Если в кино я могу прийти, отработать и уйти, завершить проект и начать новый, то в театре мне нужно продолжать тянуть каждый проект до конца.
К тому же, моя фактура для кино более востребована, чем для театра — шире диапазон ролей. Потому что по факту лет 30 назад я играл бы в спектакле «Малыш и Карсон» малышей, детей… В кино гораздо больше возможностей. Есть театр-представление, есть театр-переживание. По природе своей моя душа больше лежит к театру-переживанию. То есть я могу эмоцию в себе вызвать и отобразить, нежели сыграть.

Вы сами, как зритель, чаще смотрите кинофильмы или спектакли?
С одной стороны, хороший спектакль — это очень круто, один никогда не похож на другой, его нельзя поставить на паузу. А кино… Знаете анекдот – один оператор другого спрашивает: «Ты завтра пойдешь в театр?» — «Да ну! Три часа общего плана…»
Я, наверное, посмотрю лучше кино.
Есть любимые фильмы? Те, которые для хорошего настроения?
Да, есть парочка. «Офицеры» — это, наверное, первый фильм, который я посмотрел в сознательном возрасте, лет в шесть. Я смотрел его на маленьком черно-белом телевизоре – не знал, что фильм черно-белый, думал, что дело в телевизоре. Из западных с удовольствием посмотрю какой-нибудь «1+1».
Я не очень люблю авторское кино. Кино «не для всех»? – значит, не для меня.
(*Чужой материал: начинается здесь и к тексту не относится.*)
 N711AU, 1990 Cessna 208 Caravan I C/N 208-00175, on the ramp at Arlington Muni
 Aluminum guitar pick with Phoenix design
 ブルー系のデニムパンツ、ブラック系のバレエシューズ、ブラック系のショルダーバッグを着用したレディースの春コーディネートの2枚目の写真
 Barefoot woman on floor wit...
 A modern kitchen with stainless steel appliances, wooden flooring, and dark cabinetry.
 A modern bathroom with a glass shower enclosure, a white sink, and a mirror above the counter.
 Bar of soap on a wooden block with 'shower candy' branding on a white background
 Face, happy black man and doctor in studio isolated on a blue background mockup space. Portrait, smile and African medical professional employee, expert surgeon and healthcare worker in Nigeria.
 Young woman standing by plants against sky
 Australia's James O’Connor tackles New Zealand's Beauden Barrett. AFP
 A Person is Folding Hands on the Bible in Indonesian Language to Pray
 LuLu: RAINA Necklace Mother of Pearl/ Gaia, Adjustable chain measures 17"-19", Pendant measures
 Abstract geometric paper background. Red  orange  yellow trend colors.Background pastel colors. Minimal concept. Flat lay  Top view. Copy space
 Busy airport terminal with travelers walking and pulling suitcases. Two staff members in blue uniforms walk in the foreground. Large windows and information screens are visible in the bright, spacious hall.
Есть такие режиссеры, которые говорят, что, если зритель не понял, значит, он еще не дорос. Как Вы считаете, это режиссеру не хватает инструментов донести свою мысль или действительно вопрос к зрителю?
Есть еще такое прекрасное мнение, с которым я совершенно не согласен — что настоящее элитарное искусство должно быть скучным. Но могло просто что-то не получится. В театре можно что-то править, довести его до ума, сделать другой финал, сократить. А фильм – он готов. И когда он готов, не сделаешь уже ничего. Иногда просто не срастается. Потому что и материал был хороший, и режиссер (что тоже редкость) знал, про что он снимает – а это самый главный вопрос, на который должен ответить режиссер: «Про что?» – хотя бы в четырех предложениях. Иногда просто не сходятся звезды.
Ваша первая работа в кино – «Окно в Париж», Вы были еще совсем ребенком. Мне кажется, это должно было оставить оглушительное впечатление?
Мне было 13 лет, когда я снимался в фильме «Окно в Париж». Мне 13 лет, я РАБОТАЮ в ПАРИЖЕ! 92-93 год в России и 92-93 год в Париже – это невероятный контраст! Тогда фраза «Увидеть Париж и умереть» имела особенный смысл. Во время съемок у меня был день рождения – Нотр-Дам, прекрасный кейтеринг, прекрасная команда. У нас, у детей был отдельный взгляд на происходящее — мы, вроде, занимаемся каким-то делом, нас, как детей, вроде, особо не мучают, и это Париж, каникулы…
Мне удалось в этом прожить жизнь! Лента «Окно в Париж» вышла в 1992 году, а значит, моему профессиональному пути уже 33 года. Позже я попал в исторический сериал «Империя под ударом» — это была очень интересная работа. Меня позвали к Снежкину (а тогда большие режиссеры снимали по серии в сериале), к Снежкину! Я прихожу, а там еще человек десять мальчиков. Все было «на ходу», я вышел, начал читать сцену и думаю, что-то не так… открываю: «Ваня, 14 лет». Я ушел, и вечером мне позвонили с этого же сериала, в другую серию, которую снимал Андрей Малюков, и дали главную отрицательную роль.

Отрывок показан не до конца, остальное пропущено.